Konstantin Grcic's Brut sofa references cast iron's industrial history

German designer Konstantin Grcic has created a sofa with machinery-inspired cast-iron elements for Italian furniture brand Magis.

Brut furniture by Konstantin Grcic for Magis

Unveiled during Salone del Mobile in Milan, the Brut sofa contrasts soft upholstery – including a tubular backrest – with a solid metal framework. Angular armrests allude to cast iron's industrial history.

"Iron casting is one of the oldest ways of using ferrous metals," Grcic told Dezeen. "The material is heavy and strong. It performs best under compression, which is why it is used as a structure material for building bridges and, on a smaller scale, as bases for heavy machinery – which inspired the industrial shapes of the collection."

Brut furniture by Konstantin Grcic for Magis

The seating is the latest addition to Grcic's Brut range, which was launched to mark Magis' 40th anniversary in 2016. Its dining, trestle and side tables all feature metal parts, but the sofa is the first upholstered piece.

Brut furniture by Konstantin Grcic for Magis

"The effect of combining the upholstery with the raw cast-iron elements was a nice surprise for us," added Grcic. "The coming together of two contradicting materials and techniques seems to create an unexpected but positive tension."

Brut furniture by Konstantin Grcic for Magis

According to the designer, the furniture – which is named to reflect the heaviness and "uncompromising" nature of cast iron – is intended mainly for public areas such as waiting rooms, shops and offices.
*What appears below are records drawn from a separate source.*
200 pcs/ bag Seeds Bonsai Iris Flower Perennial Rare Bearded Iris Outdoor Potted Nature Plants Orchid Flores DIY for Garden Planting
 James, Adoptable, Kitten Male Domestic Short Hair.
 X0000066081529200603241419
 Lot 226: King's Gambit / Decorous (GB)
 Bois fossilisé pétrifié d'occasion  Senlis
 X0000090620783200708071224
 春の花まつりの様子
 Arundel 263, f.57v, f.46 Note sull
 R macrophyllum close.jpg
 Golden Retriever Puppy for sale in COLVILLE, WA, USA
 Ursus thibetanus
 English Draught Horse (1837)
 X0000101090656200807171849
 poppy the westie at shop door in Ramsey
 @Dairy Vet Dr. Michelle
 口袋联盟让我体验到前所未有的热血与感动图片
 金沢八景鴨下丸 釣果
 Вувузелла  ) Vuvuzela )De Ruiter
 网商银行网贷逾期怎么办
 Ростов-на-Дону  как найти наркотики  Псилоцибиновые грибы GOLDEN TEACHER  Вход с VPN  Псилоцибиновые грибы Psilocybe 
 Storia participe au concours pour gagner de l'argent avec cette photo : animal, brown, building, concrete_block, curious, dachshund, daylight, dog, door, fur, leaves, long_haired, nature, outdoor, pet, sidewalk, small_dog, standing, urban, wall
"The sofa is comfortable, but it is not so much a sofa for watching TV," said Grcic. "I am definitely convinced, however, that cast iron has a place in domestic settings. The weight is an issue, but once the piece is in place, it turns into an advantage."

Brut furniture by Konstantin Grcic for Magis

The German designer set up his studio in Munich in 1991 after studying design at the Royal College of Art in London. He launched several new products at this year's Milan design week, including a "strictly vertical" chair for Mattiazzi and a sofa for Cassina that similarly featured metal elements.

Grcic ranked 14th among designers on Dezeen Hot List – a data-based power ranking of key players in the design industries.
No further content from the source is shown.